El capitalismo parecía entrar en una fase de crecimiento imparable, mientras
que la revolución soviética supuso para amplios sectores obreros y populares
una perspectiva nueva que brindaba la posibilidad de romper con la lógica
opresora y construir la emancipación social.
Bilbao, en este sentido,
refleja esta situación. Se industrializa con especial rapidez gracias a la minería,
el hierro y los astilleros; con el cambio de siglo se acaban las obras de
canalización de la ría y aumenta la capacidad del puerto al construirse los
diques de Santurce y Algorta. Crece también la actividad mercantil y cuando
comienza el nuevo siglo, en 1901, ya están constituidos tres grandes bancos, el
Bilbao, el del Comercio y el de Vizcaya, que se expandirán incluso por todo el
Estado. Surgen en las zonas obreras sindicatos y organizaciones
reivindicativas. Hasta ese momento, no obstante, Bilbao no destacaba por su
actividad cultural, es más, un incipiente y primerizo nacionalismo vasco, el bizkaitarrismo, reaccionaba ante los
nuevos tiempos con un apego a lo tradicional, al tradicionalismo, del que poco
a poco se iría distanciando, a lo que contribuyó la aparición de la prensa que
fomenta el análisis y el debate, las tertulias en los muchos cafés abiertos en
la ciudad e iniciativas prometedoras que surgieron en el ámbito cultural,
cumpliendo en cierto modo con la previsión de José Félix de Lequerica: «Sobre el ocio permitido por el bienestar y
el dinero anidan el arte y la cultura».
Si alguien reflejó a la
perfección el espíritu de aquel tiempo y de la ciudad fue a todas luces Jesús
de Sarría, al que el poeta Ramón de Basterra calificó de «tesoro de nuestras esperanzas». Aunque nacido en Cuba, como Aranaz
Castellanos, la crisis en la isla y la muerte de sus padres motivaron su
traslado a Vizcaya, a Algorta en concreto, donde viviría con las dos hermanas
de su padre, vascoparlantes.

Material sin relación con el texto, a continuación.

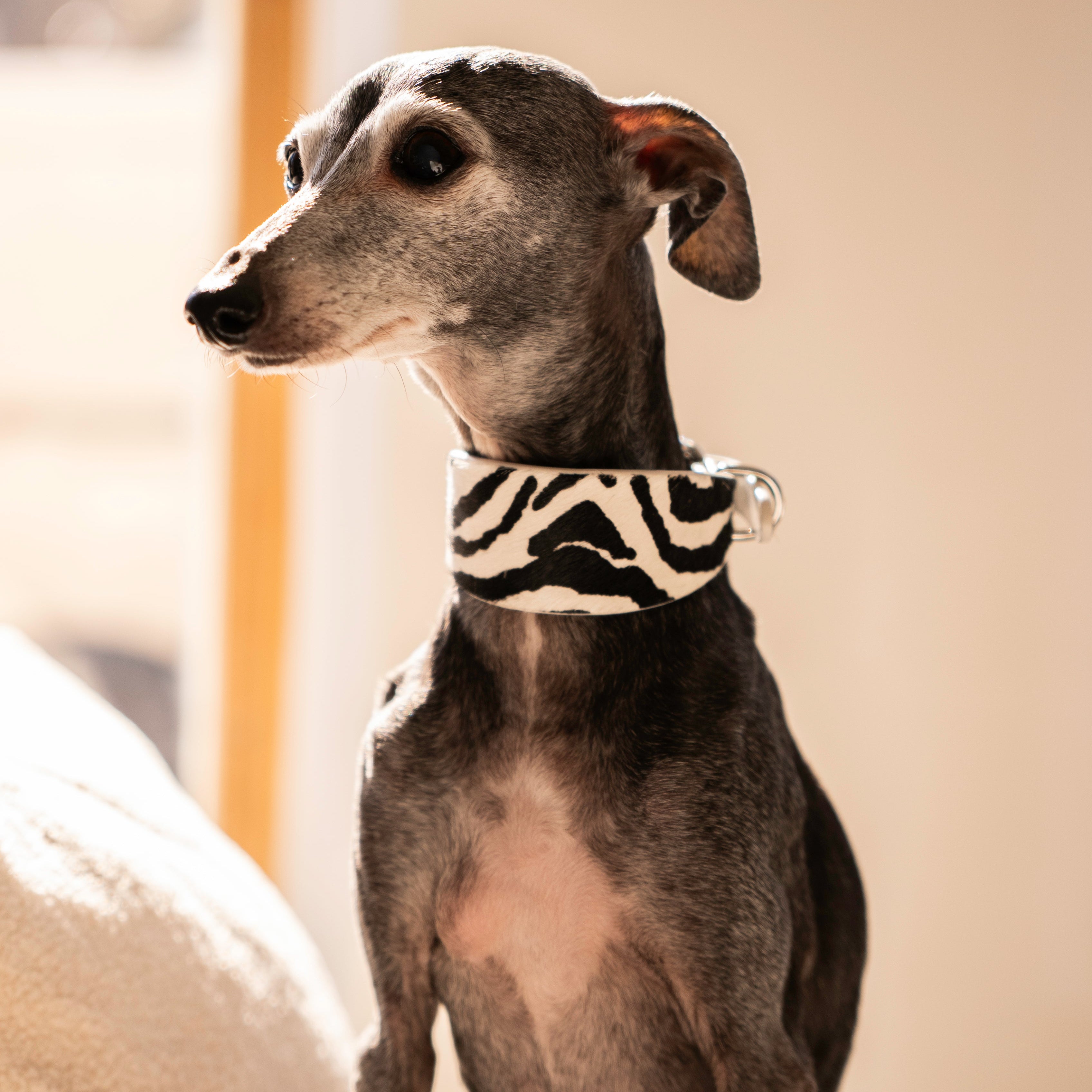 Zebra Hondenhalsband Breed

Se especializó en derecho mercantil. Se interesó
por la cultura, acudió a la tertulia del Lion d´Or y renovó la vida del Casino
de Algorta, de cuya junta directiva formaba parte su tío Alejo. Participó también
en otros núcleos, la Sociedad Bilbaína y el Ateneo. Pero sobre todo se le
recordará por ser el impulsor de la revista Hermes, ya comentada, una revista de
calidad excelsa y alto nivel intelectual tanto por sus contenidos como por sus
colaboradores.
Se interesó también por
la política, militando en Comunión Nacionalista Vasca, una de las dos facciones
en que quedó dividido el PNV durante unos años. Aunque fue el sector moderado
que abogaba más por una confederación española, Jesús de Sarría tuvo
discrepancias que le llevaron incluso a mantenerse fuera del partido durante
algunos meses. Defendía una política más social, atendiendo a los ámbitos
obreros, muchos de ellos procedentes de otras zonas de España, y un
entendimiento mayor con otros sectores ideológicos.
No en vano fue en los
círculos culturales donde existió una mayor unidad, las discrepancias no dieron
lugar a la confrontación tensa que se vivió, por ejemplo, en la política y afectó
a la vida social. En las tertulias de
café o en los ateneos se mantuvo por lo general la cordialidad, sin que se
viese afectados por el choque de las dos Españas, de las que habló Antonio
Machado, por ese afán cainita español que se enuncia con frecuencia. Ocurrió durante
lustros antes de la guerra (in)civil y también después, entre los escritores
del interior y del exilio.
Jesús de Sarría mantuvo
ese espíritu y lo trasladó a la revista Hermes, en cuyo consejo de dirección
hubo personas de ideologías muy diferentes y se dio cabida a colaboraciones de
distinto signo, nacionalistas vascos o defensores acérrimos de la unidad de
España, conservadores, liberales e izquierdistas. Acostumbrados como estamos
ahora a discursos edulcorados de la historia reciente, que son más una
interpretación interesada que además hace aguas por todos los lados, el que se
elogie esa capacidad de intercambio puede parecer falso. Pero salta a la vista
que en los círculos literarios se dieron gestos que escapaban al tono más y más
bronco en la política cotidiana de aquellos años.
La revista Hermes se
convirtió en la principal empresa de Jesús de Sarría, empleó incluso su
conocimiento mercantil para darle una forma societaria, contó con el apoyo
financiero de la familia de la Sota para ello, en este sentido Alejandro de la
Sota fue uno de sus más estrechos colaboradores, tanto en lo económico como en
lo intelectual. Sin embargo, esos años de expansión y de esperanzas tuvieron
también sus lados obscuros, hubo no pocos problemas económicos, el proyecto era
difícil de sostener y se dudó de la viabilidad de la empresa.
Nadie comprendió en ese
momento aquel gesto último y trágico de Jesús de Sarría a finales de julio de
1922. Lo cuenta Germán Yanke en la biografía que escribió sobre él. No sabemos
hasta qué punto le afectó la situación de Hermes o fue un conjunto de causas lo
que le empujó al suicidio. El mismo día de su muerte se reunieron en su piso de
la calle Correo amigos y conocidos de todos los ámbitos, en torno a la tía
que quedaba con vida. Desde Salamanca telefoneó Miguel de Unamuno, a quien
Jesús de Sarría tanto admiró.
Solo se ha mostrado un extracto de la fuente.